While he has taken some extra security measures and increased vigilance, he said overall they’ve been continuing normally there. Weissman also stressed the importance of carrying on with their traditions.
“We have a little concern, but you know, you have to go on and live your life,” he said. “You can’t hide from it, so we have services every Friday night and every Saturday morning, and we just go on. We can’t abandon our services out of fear, and so life goes on.”
Weissman said there haven’t been any threats at their facility and said he hasn’t personally experienced anti-Semitism locally.
“I find Myrtle Beach to be a very [tolerant] area and very friendly area and as a Rabbi I feel very welcome in this community,” Weissman said.
He said the recent national anti-Semitism has been concerning and said it seemed contrary to the inclusive American culture.
“You have to be vigilant, but you have to go on with your life. … We all have to have respect for each other’s traditions and backgrounds, ethnicities, and religions. That’s part of the American way.”
At the Chabad Jewish Academy on North Oak Street in Myrtle Beach, Leah Aizenman, head of school, said they’re addressing safety and have had concerns from parents. She said they realize the importance of protecting the campus, but also want to keep it a positive environment for the children with sustainable, long-term security.
“There’s more concern now,” she said. “The school’s role is not to be reactionary, but channel that interest, enthusiasm and willingness, and energy to help toward a long-term sustainable effort.”
Aizenman said security has always been in place there, but the school’s safety and security committee recently grew from three members to nine members. She also said they’ve reached out to security experts for consolation, and stressed the importance of not adopting one-time measures while instead having a permanent, manageable system in place.
Aizenman said since the national threats Myrtle Beach police have stepped up their patrols there and been very watchful over the school.
“We are so grateful to the Myrtle Beach Police Department,” she said.
One of the first projects on the school’s list of increasing safety is to build a barrier around the property. A fence seems like a reasonable balance between security and not hindering the children’s enjoyment there, especially because it will be one that isn’t “harsh-looking,” Aizenman said.

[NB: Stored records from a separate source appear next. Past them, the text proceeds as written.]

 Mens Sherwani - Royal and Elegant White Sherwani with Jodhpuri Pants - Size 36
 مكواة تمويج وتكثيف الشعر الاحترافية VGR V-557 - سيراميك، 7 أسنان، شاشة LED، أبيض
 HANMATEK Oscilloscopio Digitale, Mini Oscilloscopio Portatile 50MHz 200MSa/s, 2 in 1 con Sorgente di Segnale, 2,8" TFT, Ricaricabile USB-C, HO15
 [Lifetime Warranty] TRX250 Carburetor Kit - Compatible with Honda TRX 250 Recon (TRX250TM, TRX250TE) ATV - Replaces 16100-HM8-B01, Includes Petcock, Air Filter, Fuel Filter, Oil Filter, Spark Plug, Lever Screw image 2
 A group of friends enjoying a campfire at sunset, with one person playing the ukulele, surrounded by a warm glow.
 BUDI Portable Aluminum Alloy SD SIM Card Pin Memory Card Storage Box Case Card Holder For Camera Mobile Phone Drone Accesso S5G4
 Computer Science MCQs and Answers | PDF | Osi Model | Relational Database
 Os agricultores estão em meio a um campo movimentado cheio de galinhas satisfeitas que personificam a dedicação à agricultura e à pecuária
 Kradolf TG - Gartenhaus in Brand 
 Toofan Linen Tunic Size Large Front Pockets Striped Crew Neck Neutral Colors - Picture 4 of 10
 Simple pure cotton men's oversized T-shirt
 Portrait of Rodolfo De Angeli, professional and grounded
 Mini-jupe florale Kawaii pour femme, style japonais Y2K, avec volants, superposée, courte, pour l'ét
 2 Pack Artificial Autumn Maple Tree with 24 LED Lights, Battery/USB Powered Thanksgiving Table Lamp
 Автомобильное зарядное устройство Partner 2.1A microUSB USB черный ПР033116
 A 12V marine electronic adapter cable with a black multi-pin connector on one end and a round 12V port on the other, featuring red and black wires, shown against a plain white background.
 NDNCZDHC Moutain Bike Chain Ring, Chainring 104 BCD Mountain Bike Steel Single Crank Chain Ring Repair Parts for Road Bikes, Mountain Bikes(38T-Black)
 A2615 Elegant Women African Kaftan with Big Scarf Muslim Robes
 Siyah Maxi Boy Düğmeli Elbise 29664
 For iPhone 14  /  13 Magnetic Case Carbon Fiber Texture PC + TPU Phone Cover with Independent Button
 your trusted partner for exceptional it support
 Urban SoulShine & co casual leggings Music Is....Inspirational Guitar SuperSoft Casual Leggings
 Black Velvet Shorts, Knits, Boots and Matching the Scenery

Cost is a factor for them as well, and while they have a commitment for the start of the project, they are looking to find the resources that will allow them to continue building a barrier and implementing other new security measures.
She stressed that while safety is key, it’s also important that the school maintain its goal of providing a positive environment for the children to learn and thrive.
“Yes, we will secure our campus, but we will not take away from what they need to enjoy life,” she said.
Her husband, Rabbi Doron Aizenman, the school Rabbi and a director there, said while it is somewhat surprising to have a threat in South Carolina, it’s not shocking considering Judaism’s history of tribulation.
However, he said while concern is natural and safety is important, the Rabbi said he is optimistic overall.